Practice the skill with her in her cot too if possible. I would 'walk' DS's hands down the right place to help him understand how to get down. Lots of Mothers do fine with just laying them back down repeatedly until the LO gets the message. For us, we tried this for months with no positive effect; if anything it made him more angry, more upset and battle sleep more. We might just be a random case though!
So, we tried something else and it worked! So, first of all (my DS wasn't much of an independent sleeper) I laid down next to his cot on the floor and pretended to be going to sleep: hands together under cheek, eyes closed. I would lay him down the first time when I put him in bed, would stroke his head a few times, say our key phrase and then lay down. He'd pop up. I'd ignore him as long as poss (5 mins if that!). Then I'd pat his mattress where his head should be, wiggle his lovie to get his attention and say 'lie down'. I'd keep it calm, soft, quiet, relaxed but no nonsense. It took a while for him to get it - that it was his choice to lie down. I would lay him down when he was really upset, but I would hold back from doing the jack-in-the-box thing as much as possible.

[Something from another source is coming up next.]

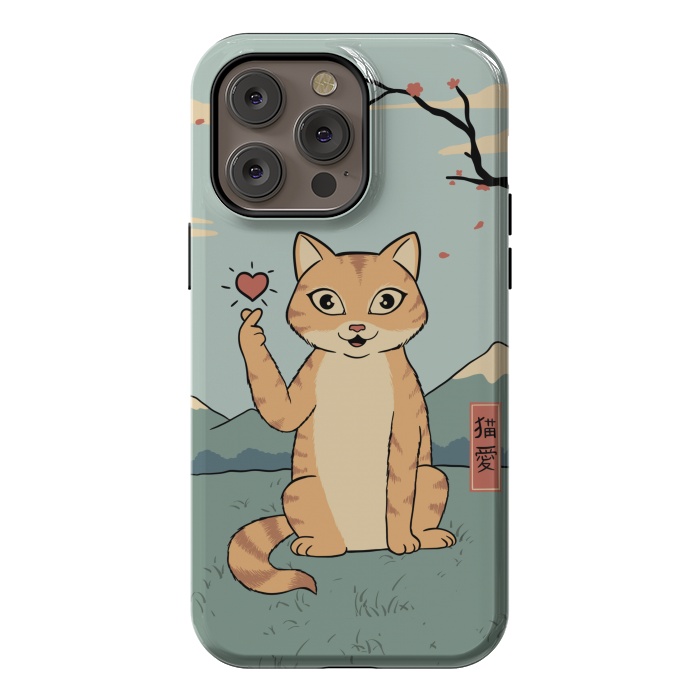 iPhone 14 Pro max StrongFit Cat finger heart symbol by Coffee Man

We did gradual withdrawl a week or so later, and this involved my not lying on the floor, but more of the patting, lie down thing.
For us, DS likes to control his environment and does not take well to being pushed into doing something he doesn't want to do. So laying him down when he wants to stand for us just ended in a long, screaming frustrating fight. He much prefers to lie down under his own steam.
Hope that helps. DH is nagging me to get to the shops (I have an olive addiction at the mo and am outta the good stuff....
). Let us know how you get on: lots of heads are better than 1!!!